TASK BRIEF: Write out the entries below in full, exactly as given.
START EXERCISE MATERIALS
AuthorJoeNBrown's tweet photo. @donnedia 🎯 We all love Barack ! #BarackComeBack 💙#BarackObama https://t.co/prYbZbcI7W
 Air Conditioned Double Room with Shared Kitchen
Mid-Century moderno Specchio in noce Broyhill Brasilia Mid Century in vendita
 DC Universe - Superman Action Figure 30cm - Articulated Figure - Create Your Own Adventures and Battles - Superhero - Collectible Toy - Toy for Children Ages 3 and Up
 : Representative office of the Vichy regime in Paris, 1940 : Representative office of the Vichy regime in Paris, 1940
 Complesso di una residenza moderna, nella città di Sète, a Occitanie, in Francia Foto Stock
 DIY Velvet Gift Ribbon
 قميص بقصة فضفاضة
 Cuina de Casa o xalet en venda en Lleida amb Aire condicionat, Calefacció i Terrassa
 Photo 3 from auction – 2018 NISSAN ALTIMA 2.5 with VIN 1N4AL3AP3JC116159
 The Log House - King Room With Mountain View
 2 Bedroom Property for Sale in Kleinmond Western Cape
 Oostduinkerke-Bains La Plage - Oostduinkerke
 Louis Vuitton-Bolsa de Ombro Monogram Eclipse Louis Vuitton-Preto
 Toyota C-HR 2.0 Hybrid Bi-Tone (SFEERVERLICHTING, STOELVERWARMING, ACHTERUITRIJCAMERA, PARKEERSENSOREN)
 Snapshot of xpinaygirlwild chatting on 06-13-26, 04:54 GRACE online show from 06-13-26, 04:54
END EXERCISE MATERIALS
PROBLEM SOLUTION:
AuthorJoeNBrown's tweet photo. @donnedia 🎯 We all love Barack ! #BarackComeBack 💙#BarackObama https://t.co/prYbZbcI7W
 Air Conditioned Double Room with Shared Kitchen
Mid-Century moderno Specchio in noce Broyhill Brasilia Mid Century in vendita
 DC Universe - Superman Action Figure 30cm - Articulated Figure - Create Your Own Adventures and Battles - Superhero - Collectible Toy - Toy for Children Ages 3 and Up
 : Representative office of the Vichy regime in Paris, 1940 : Representative office of the Vichy regime in Paris, 1940
 Complesso di una residenza moderna, nella città di Sète, a Occitanie, in Francia Foto Stock
 DIY Velvet Gift Ribbon
 قميص بقصة فضفاضة
 Cuina de Casa o xalet en venda en Lleida amb Aire condicionat, Calefacció i Terrassa
 Photo 3 from auction – 2018 NISSAN ALTIMA 2.5 with VIN 1N4AL3AP3JC116159
 The Log House - King Room With Mountain View
 2 Bedroom Property for Sale in Kleinmond Western Cape
 Oostduinkerke-Bains La Plage - Oostduinkerke
 Louis Vuitton-Bolsa de Ombro Monogram Eclipse Louis Vuitton-Preto
 Toyota C-HR 2.0 Hybrid Bi-Tone (SFEERVERLICHTING, STOELVERWARMING, ACHTERUITRIJCAMERA, PARKEERSENSOREN)
 Snapshot of xpinaygirlwild chatting on 06-13-26, 04:54 GRACE online show from 06-13-26, 04:54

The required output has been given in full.